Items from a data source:
########
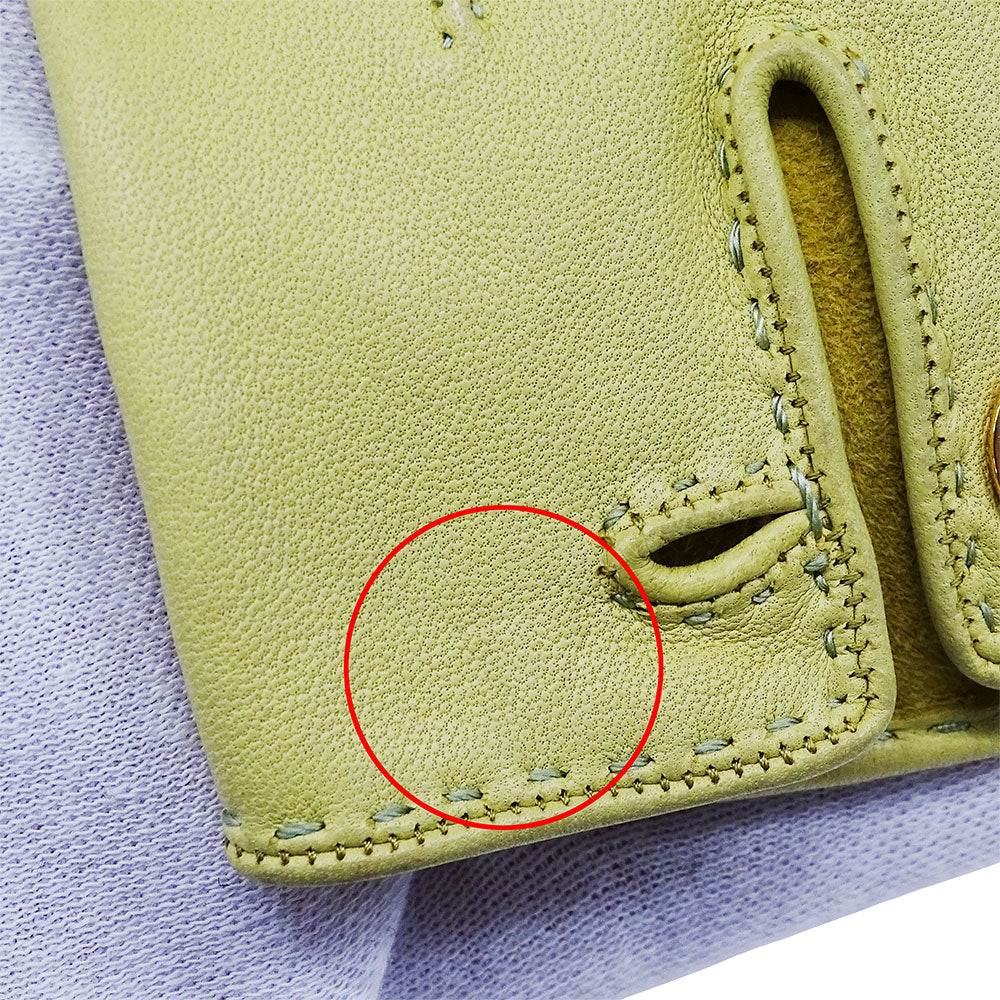 HERMES エルメス 手袋 セリエ ライムグリーン レザー レディース 【中古】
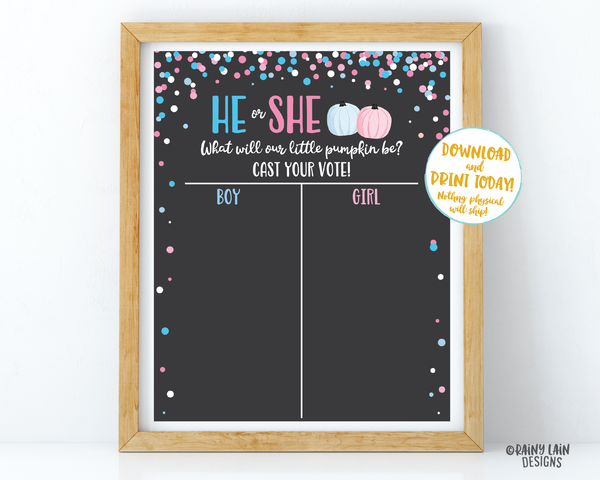 Pumpkin Gender Reveal Old Wives Tales Sign He or She What Will Our Little Pumpkin Be Voting Poster Welcome Sign Pink Blue Fall Chalkboard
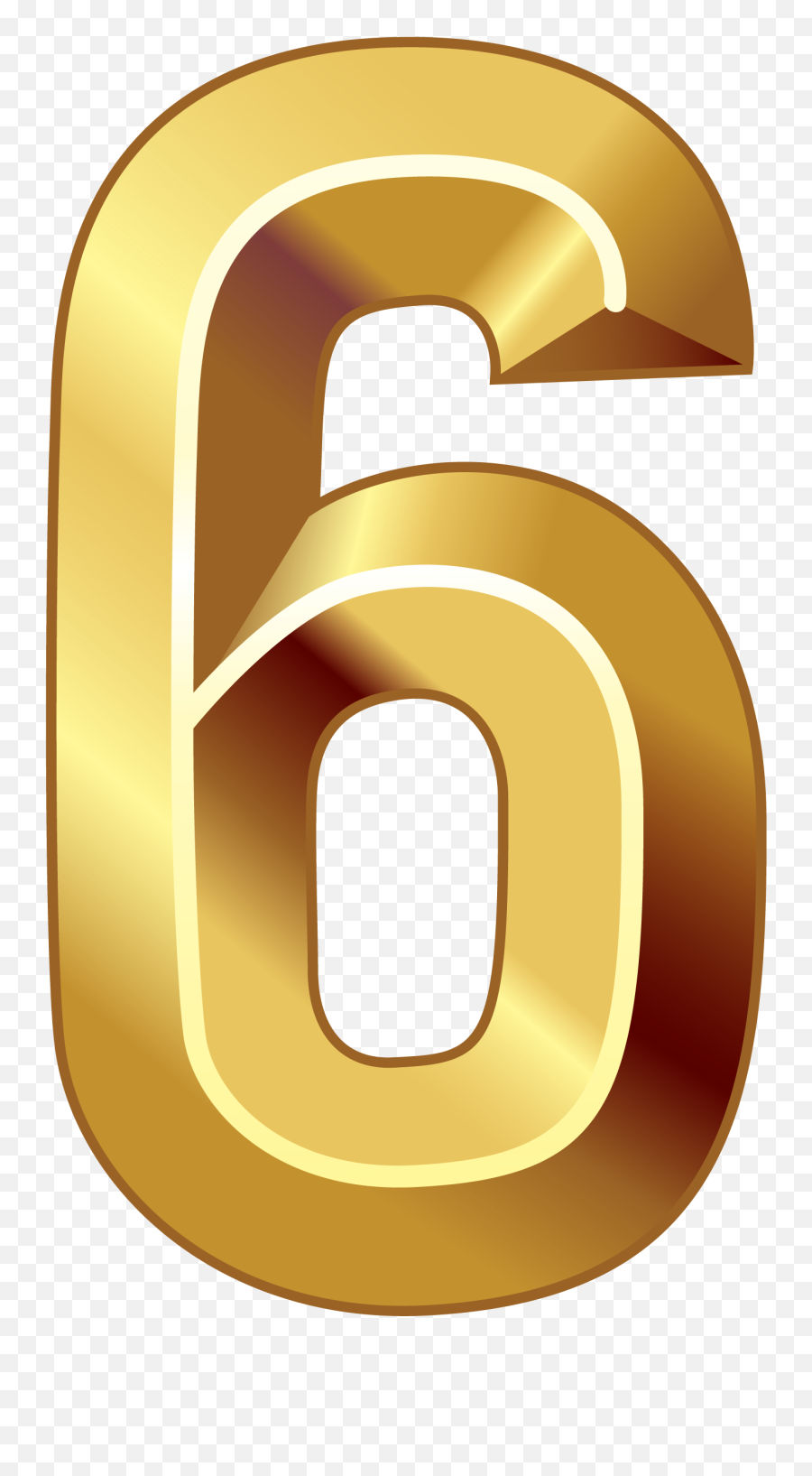 Number 6 Clipart Six - Number 6 Gold Png,Number 6 Png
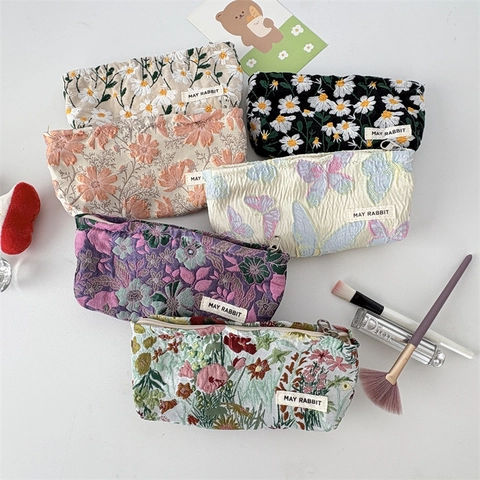 Borsa Per Trucco Jacquard In Rilievo Francese Ricamo Floreale Beauty Case Da Viaggio Portatile Per Donna Con Cerniera
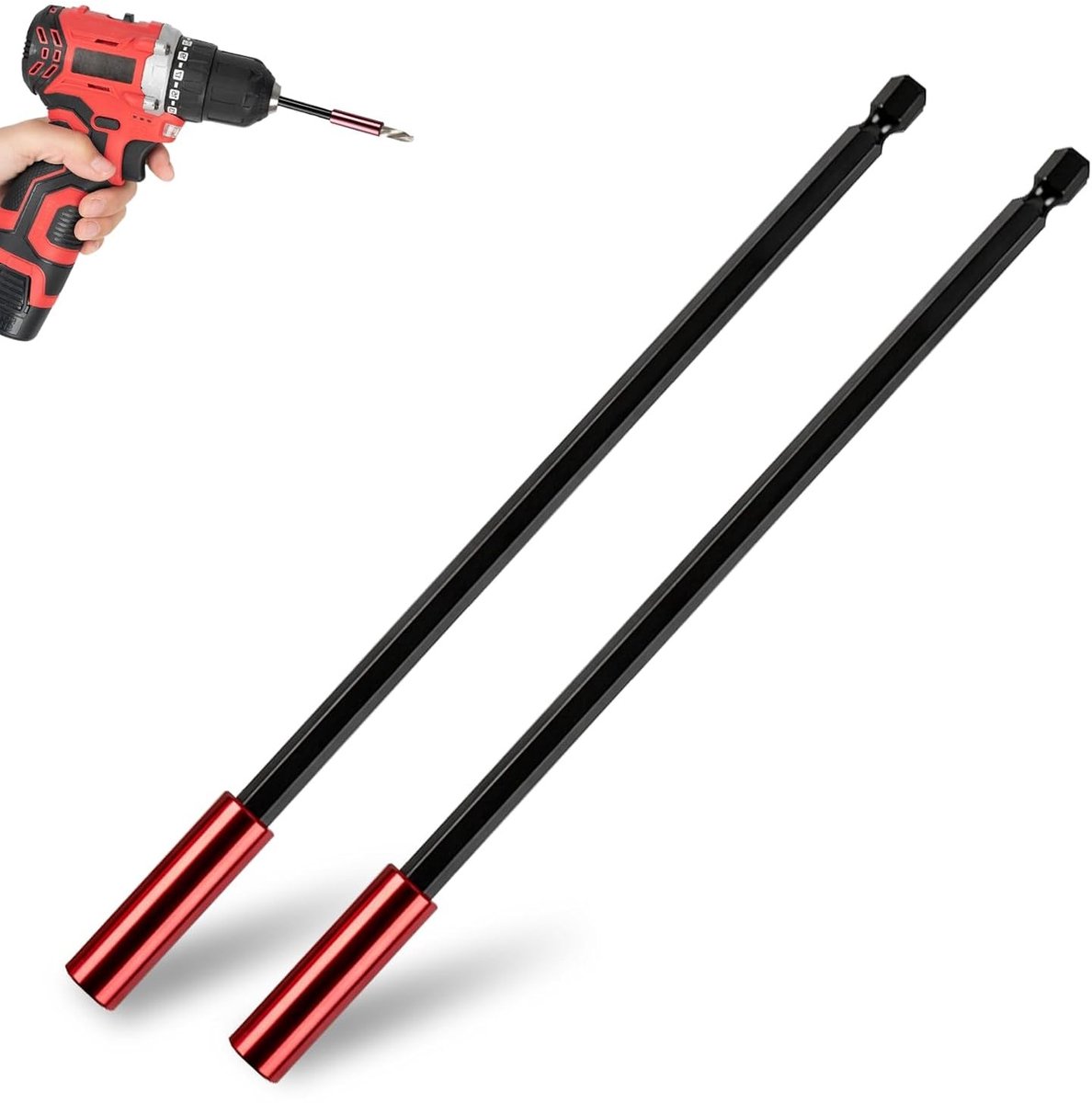 Set van 2 Stuks 300mm Bit Extensions met Sterke Magnetische Houder voor 1/4 Inch Bits, Geschikt voor Impact Schroevendraaiers en Precisiewerk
########
[Exercise goal]
Faithful copy, images left out: write out every line of data.

[Solved problem]
 HERMES エルメス 手袋 セリエ ライムグリーン レザー レディース 【中古】
 Pumpkin Gender Reveal Old Wives Tales Sign He or She What Will Our Little Pumpkin Be Voting Poster Welcome Sign Pink Blue Fall Chalkboard
 Number 6 Clipart Six - Number 6 Gold Png,Number 6 Png
 Borsa Per Trucco Jacquard In Rilievo Francese Ricamo Floreale Beauty Case Da Viaggio Portatile Per Donna Con Cerniera
 Set van 2 Stuks 300mm Bit Extensions met Sterke Magnetische Houder voor 1/4 Inch Bits, Geschikt voor Impact Schroevendraaiers en Precisiewerk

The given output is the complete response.